The statutory definition of "deposit broker" is broad. The FDIC has interpreted the definition to encompass numerous activities in an effort to discourage the flow of deposits to undercapitalized institutions.
In determining whether an entity is a "deposit broker" within the meaning of the statute, we analyze whether it is "engaged in the business" of placing deposits or "facilitating" the placement of deposits with insured depository institutions. These broad statutory parameters require the FDIC to consider on a case-by-case basis whether an activity is deposit brokering within the meaning and purpose of the statute.

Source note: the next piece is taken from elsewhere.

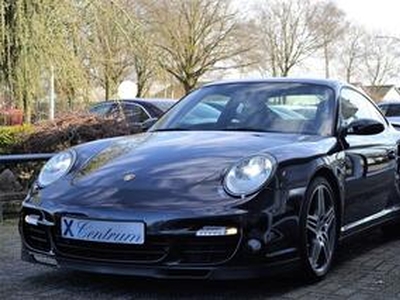 Porsche 997 Turbo-Dealeronderhouden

In that respect, we regard the following factors involved in the Affinity Groups' program with the Bank, as represented to us in your letter, to be relevant in determining whether the Affinity Groups are "deposit brokers" within the meaning of section 29: (a) all of the Affinity Groups are non-financial institutions, and the vast majority are non-profit organizations; (b) none of the Affinity Groups directly markets the deposit products for the Bank; (c) Affinity Group members who decide to place deposits with the Bank do so directly with the Bank (the Affinity Groups do not receive funds from their members for deposit with the Bank or otherwise process any member deposits); (d) the Affinity Groups have exclusive relationships with the Bank and do not endorse deposit products of other institutions; (e) most, but not all, of the Affinity Groups receive royalties for endorsing the Bank's deposit products, the amount of which represent a small fraction (in the order of ***) of the market rates paid to others who are considered deposit brokers within the meaning of section 29 of the FDI Act; (f) historically, as reported by the Bank, the retention rate for endorsed money market accounts obtained from Affinity Group members ranges from 80% to 85% and for certificates of deposits from 60% to 75% and such accounts and deposits are regarded by the Bank as core deposits of the Bank and are not used to replace core deposit run-off; and (g) the Affinity Groups do not know which members have made deposits with the Bank, nor do they keep any records of the amounts, rates or maturities of the deposits.
When considered together, we believe these facts tend to support the conclusion that the Affinity Groups are neither "engaged in the business of placing deposits" nor "facilitating the placement of deposits" with the Bank, as contemplated by section 29. By contract, each Affinity Group permits the Bank to use its name to market the Bank's deposit products to its members with its endorsement. Such activity, we believe, and the nature of the particular arrangement can reasonably be characterized as passive and indirect and, therefore, outside the scope of the brokered deposits statute and FDIC's regulations.
Based on the representations contained in your letter, we conclude that the Affinity Groups are not "deposit brokers" within the meaning of sections 29 and 29A of the FDI Act and section 337.6(a) of the regulations.
The foregoing opinion is limited to the facts and circumstances of the program as described in your letter. Whether an activity constitutes deposit brokering within the meaning of the FDI Act and the FDIC's regulations is, of course, fact-specific. Accordingly, as we have noted above, the FDIC makes such determinations on a case-by-case basis, and this letter expresses no view concerning determinations we may reach if the relevant facts and circumstances were at variance with those as described in your letter.
Also, please note that to the extent the views expressed in this letter are inconsistent with those contained in FDIC Legal Advisory Opinion 92--79, dated November 10, 1992, this letter shall control.
We hope the foregoing adequately addresses your inquiry. Please do not hesitate to contact Alan J. Kaplan or Joseph A. DiNuzzo of the Legal Division or me if you have any further inquiries concerning the matters addressed in this letter.